◆ RECORDS FOR THIS EXERCISE:

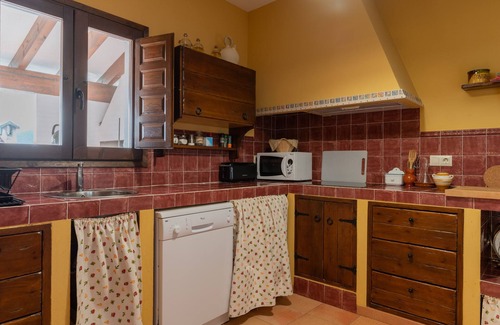 Molinicos Cottage | Casa Rural El Abuelo Luis for 8 people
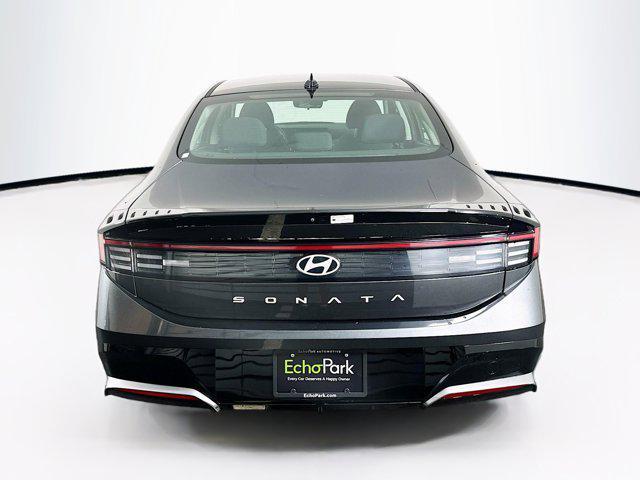 used 2024 Hyundai Sonata car, priced at $20,997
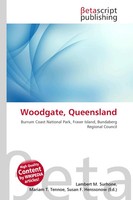 Lambert M. Surhone (U. A.) | Woodgate, Queensland | Taschenbuch | Englisch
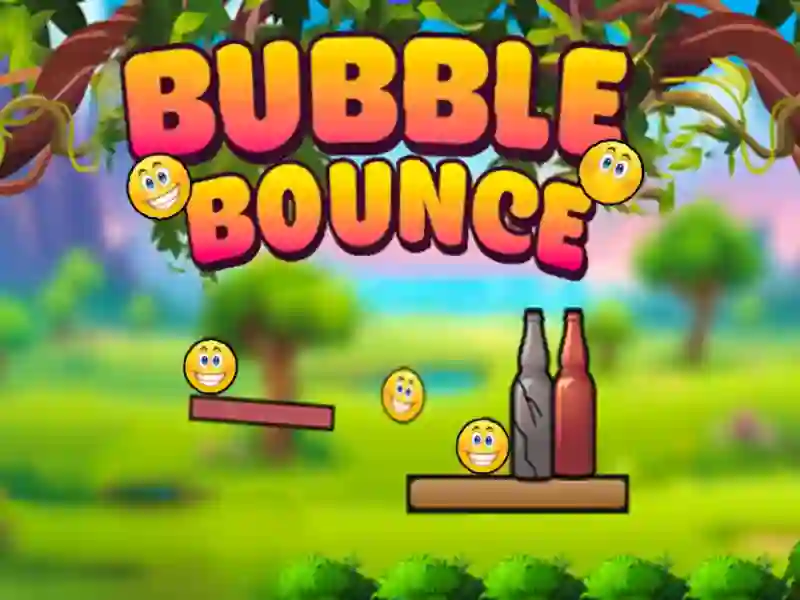Bubble Bounce — free online game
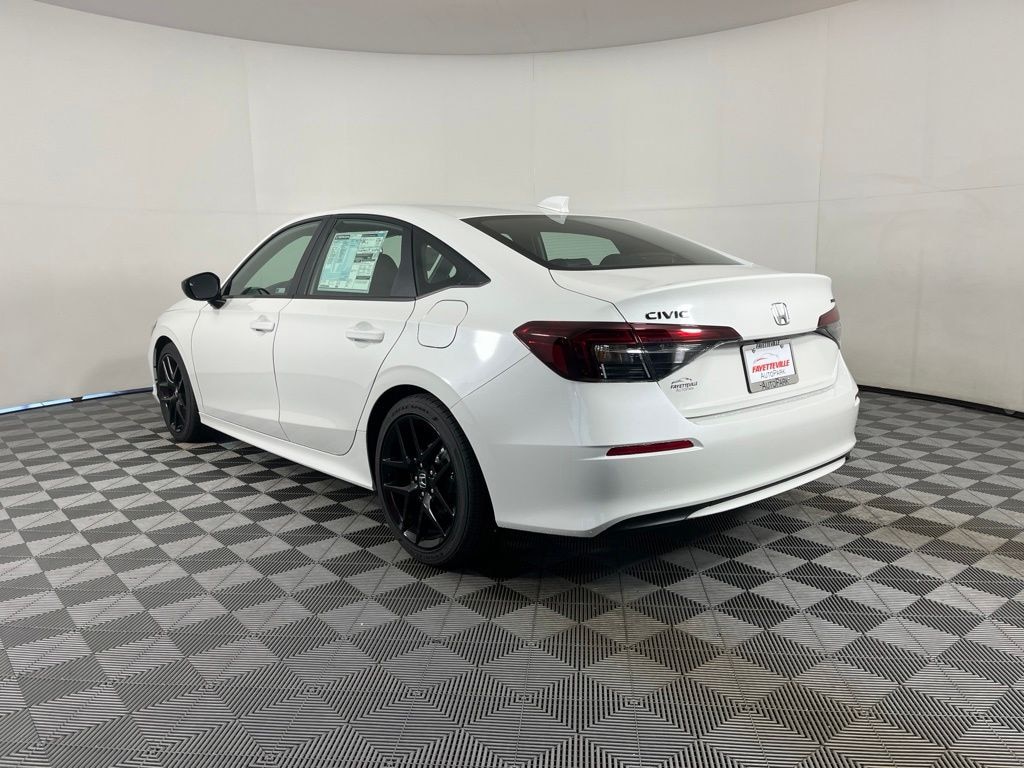 New 2026 Honda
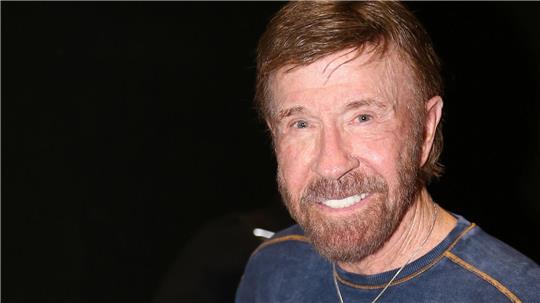 Chuck Norris ist seit langem ein Trump-Anhänger. (Archivbild) 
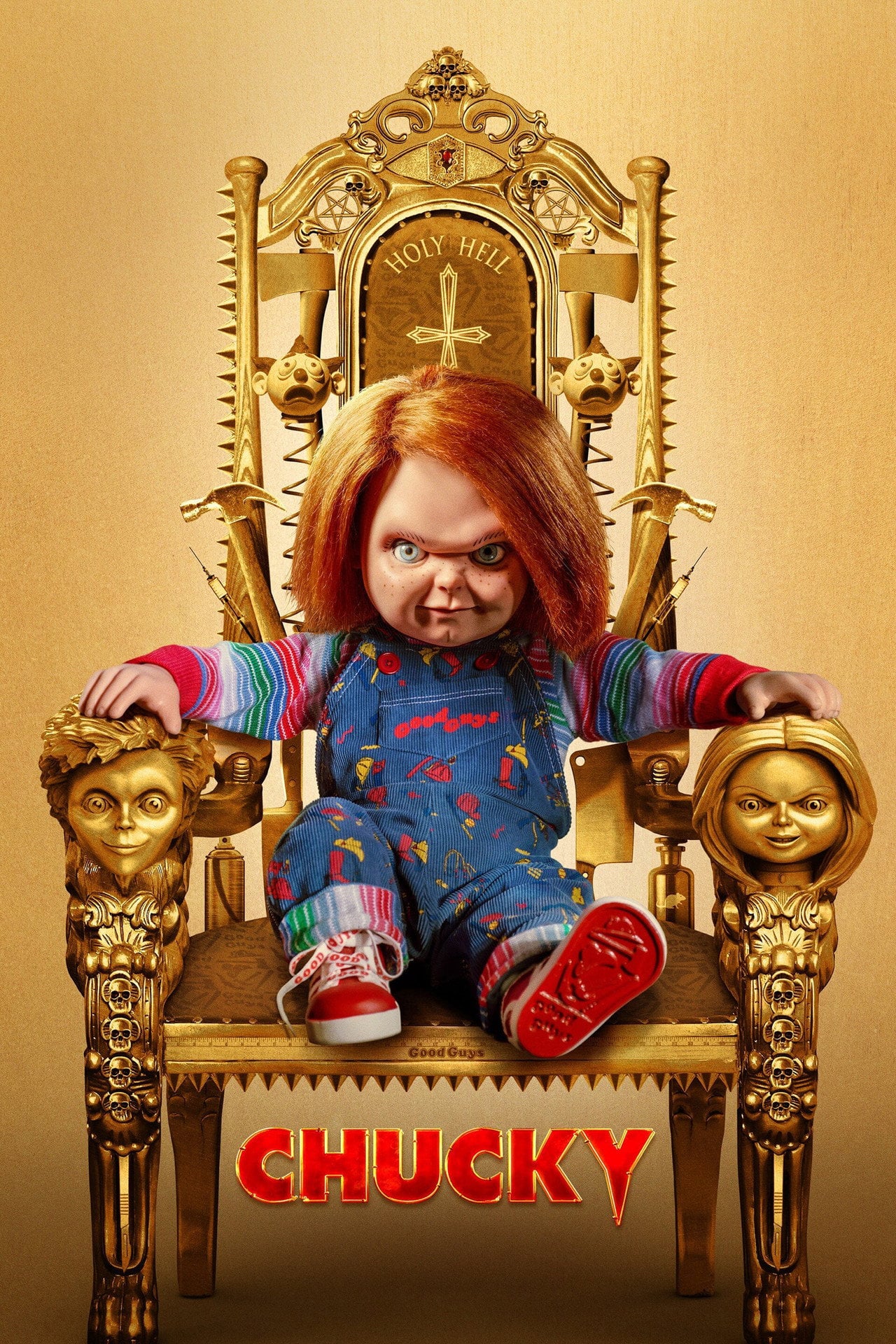 Sprawdź Chucky - Sezon 2 Online na Vider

◆ WHAT TO PRODUCE: Set down the material word for word, and drop every picture from it.

◆ RESULT BELOW:
 Molinicos Cottage | Casa Rural El Abuelo Luis for 8 people
 used 2024 Hyundai Sonata car, priced at $20,997
 Lambert M. Surhone (U. A.) | Woodgate, Queensland | Taschenbuch | Englisch
Bubble Bounce — free online game
 New 2026 Honda
 Chuck Norris ist seit langem ein Trump-Anhänger. (Archivbild) 
 Sprawdź Chucky - Sezon 2 Online na Vider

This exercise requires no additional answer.